- Action item -
Take the lines below from the one with "Lascivious slut having" through the one with "Тканевый рюкзак унисекс" and print only them, exactly. Don't print the pictures.

- Records to process -
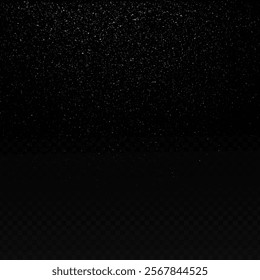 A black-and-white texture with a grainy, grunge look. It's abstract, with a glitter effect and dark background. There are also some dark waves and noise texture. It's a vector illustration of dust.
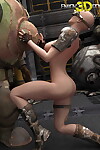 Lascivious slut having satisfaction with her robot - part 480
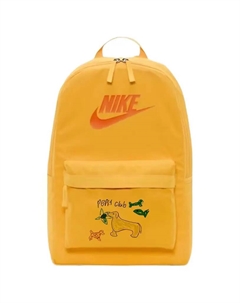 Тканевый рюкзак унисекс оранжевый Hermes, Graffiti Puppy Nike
--
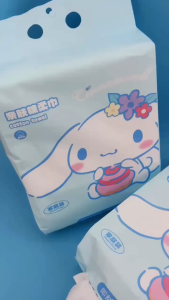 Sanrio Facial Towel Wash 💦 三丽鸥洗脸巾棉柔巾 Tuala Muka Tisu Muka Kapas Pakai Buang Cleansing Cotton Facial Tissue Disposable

- Answer to the exercise -
 Lascivious slut having satisfaction with her robot - part 480
 Тканевый рюкзак унисекс оранжевый Hermes, Graffiti Puppy Nike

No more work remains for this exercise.